Shop OBEX P1 Docs P2 Docs Learn Events
I'm wondering if the P2 can solve my FPGA headaches.... — Parallax Forums

I'm wondering if the P2 can solve my FPGA headaches....

Hello everyone. It's been a long while since I've been around here.

Lately I've been learning some CPLD and FPGA design. I even built a custom CPLD board for the ATF1508 but after upgrading to Fedora 36, I'm having issues with running WinCUPL in Wine. And, to be honest, WinCUPL is complete garbage.

Anyway, my ultimate goal is to develop a video chip for use in a 6502 based computer. Something that either the 6502 could drive directly, or possibly send simple commands to it like the TMS9918.

I would target anywhere from 4 - 8MHz and could run the 65C02 at 3.3V to avoid any voltage issues.

I'm just not getting FPGA like I want. I'm a software guy anyway and I do have SOME PASM experience with the P1. Plus the FPGA scene seems to change daily and I just can't keep up.

Oh, before anyone mentions it, I'm not looking to emulate a 6502. I know that's popular and the P2 can easily do it but that's not what I want.

So I'm hoping you guys can offer some suggestions and answer a couple questions.

1) Can the P2 keep up with the 6502 running at or near 8MHz? For example, could the P2 be used as fast SRAM for the 6502? I remember the Propeddle could only run about 1 MHz with a 6502 using a P1. I assume the P2 is much faster.

2) Could one of the cores of the P2 (and enough pins) be used as a general purpose MMU or other glue logic for the 6502 and other devices such as sound chips, etc.?

Thanks for any information!

Comments

  • 1) Can the P2 keep up with the 6502 running at or near 8MHz? For example, could the P2 be used as fast SRAM for the 6502? I remember the Propeddle could only run about 1 MHz with a 6502 using a P1. I assume the P2 is much faster.

    Not entirely sure. I know that the P1 is most capable of keeping up with a ~7 MHz Z80 (see the couple RC2014 expansion cards that use one). Though using that as RAM is a poor idea, since it gets there by inserting wait states for the CPU. P2 idk, is of course faster (and can in some cases have instant reaction time due to smart pin logic), but I/O latency to the CPUs is a bit of a tricky story that I don't quite understand.

    A 6502 bus cycle @8MHz takes 125ns. Some of that the CPU needs internally, so I guess(tm) it's more like 90ns of response time that is required, which is about 30 P2 cycles when you overclock it to 320MHz (for which you need good thermals and voltage regulation to not crash). I'd say enough to read/write some data from a flat 64k RAM buffer (assuming the address bus is nicely aligned into the IO pins), but not much else without halting the 6502.

    2) Could one of the cores of the P2 (and enough pins) be used as a general purpose MMU or other glue logic for the 6502 and other devices such as sound chips, etc.?

    Define "general purpose MMU". HuC6280 style or more like modern page tables. With enough wait states all is possible.

    Sound chips, you say? Oh, we got plenty of those and more. Some might say too many.

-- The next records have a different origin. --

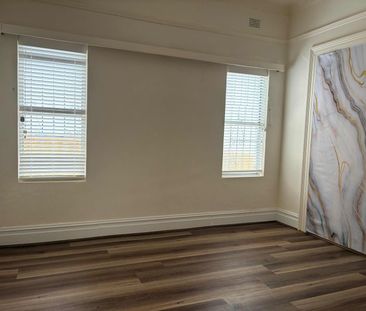 4 Napier Street, Petersham NSW 2049 - House For Rent | Domain - Photo 6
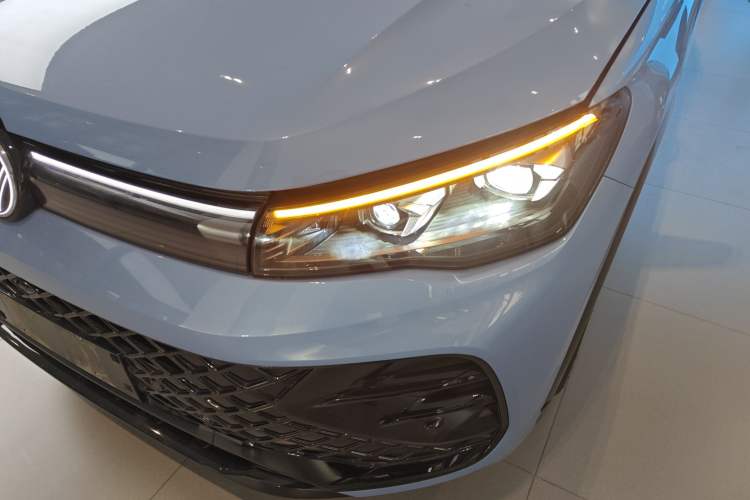 Used Volkswagen Tiguan L 2024 PRO 380TSI Four-Wheel Drive R-Line Prestige Edition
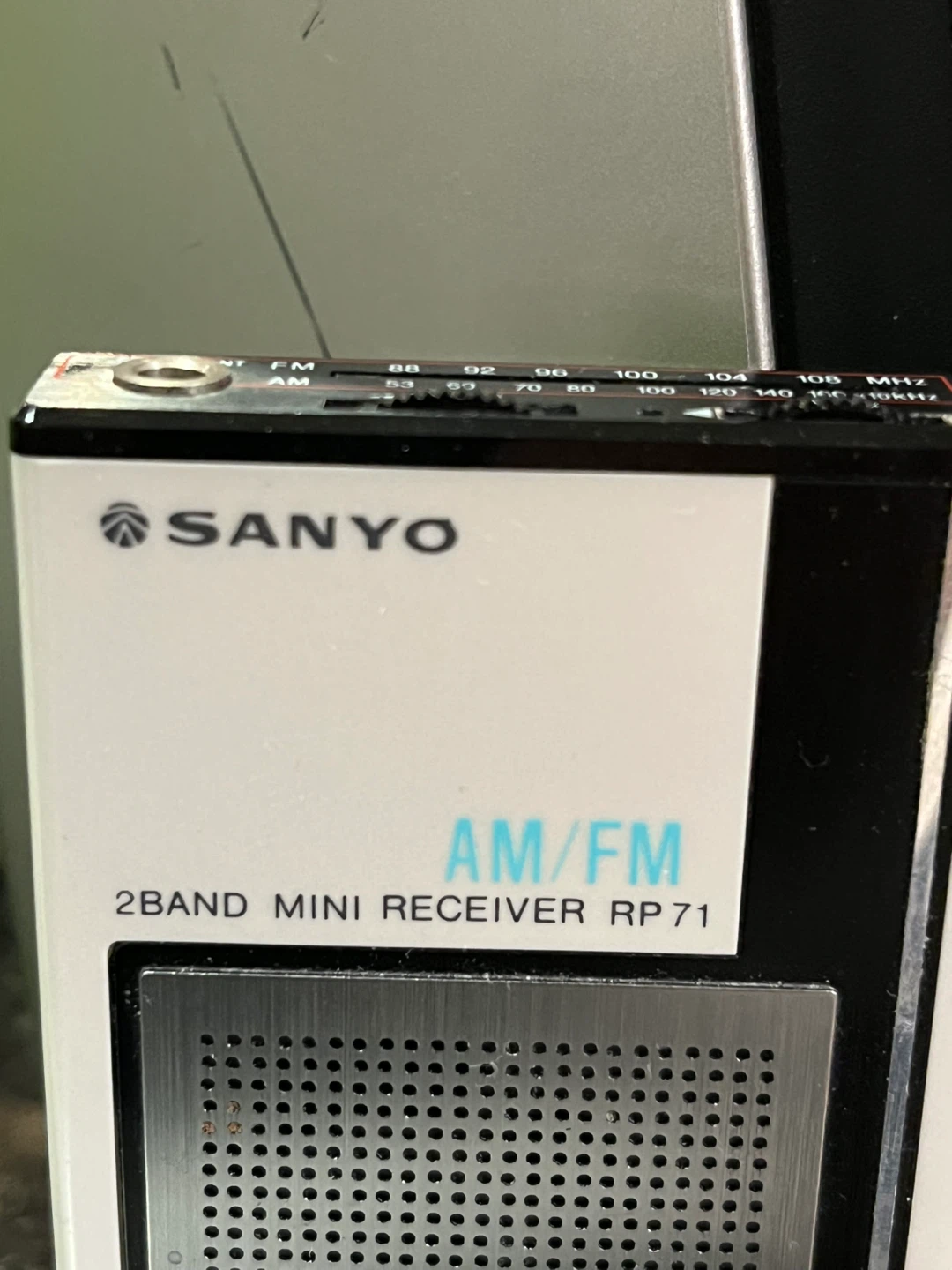 Sanyo RP71 AM/FM Mini Receiver - photo 2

    Oh, before anyone mentions it, I'm not looking to emulate a 6502. I know that's popular and the P2 can easily do it but that's not what I want.

    But why not? Unless you're making some sort of expansion card for an existing system, there's negative sense in having a discrete 6502 but implementing everything else in a P2. You could even emulate a CPU that doesn't suck ;3

  • The video chip idea will work right away.
    SRAM / rom emulation with MMU will work, but pour over the datasheets to find the right clock edge to sample the address and data.

    Don't get caught up in overclock, nor is it really necessary.

    Start out at a slower clock than what you need, and then speed up is my advice for not going insane.
    Make it work, and then make it work well.

    Be sure to tie your clocks together between the P2 and the 6502. Independent clock drift would be a project killer.

  • @Wuerfel_21 said:

    Not entirely sure. I know that the P1 is most capable of keeping up with a ~7 MHz Z80 (see the couple RC2014 expansion cards that use one). Though using that as RAM is a poor idea, since it gets there by inserting wait states for the CPU. P2 idk, is of course faster (and can in some cases have instant reaction time due to smart pin logic), but I/O latency to the CPUs is a bit of a tricky story that I don't quite understand.

    The more I think about it, the more I think I want the P2/6502 to work asynchronously. Like the TMS9918 did for so many computers/consoles. So my dream is to have a great video chip that can just receive commands from the 6502 and then go off and do the work. Honestly, I've been studying how the Atari 800 did it as well (along with the Amiga) and they used display lists.

    Anyway, basic idea is for the 6502 to send data to P2 like it would to a 6522 VIA or some UART chip back in the day. So maybe a cog could just buffer the commands it receives (hopefully at 8 MHz) and other cogs would do the work. Maybe I could use a 6522 to send the data to the P2 if it can't keep up. That way, the 6502 can move along and do other things while the VIA proxies the data/commands.

    2) Could one of the cores of the P2 (and enough pins) be used as a general purpose MMU or other glue logic for the 6502 and other devices such as sound chips, etc.?

    Define "general purpose MMU". HuC6280 style or more like modern page tables. With enough wait states all is possible.

    That one was a bit of a stretch for me and I should have clarified my question better. Basically, I was going to use a CPLD in place of a few 74' logic chips for address decoding. I'd like to get fairly granular and enable/disable RAM, UARTS, etc. depending on what address the 6502 is accessing. But when I think about it in more detail, the issue is that I would need a lot of address pins and several chip select pins on the P2 to make this practical. Which would reduce other functions. So I may just stick to a CPLD for that.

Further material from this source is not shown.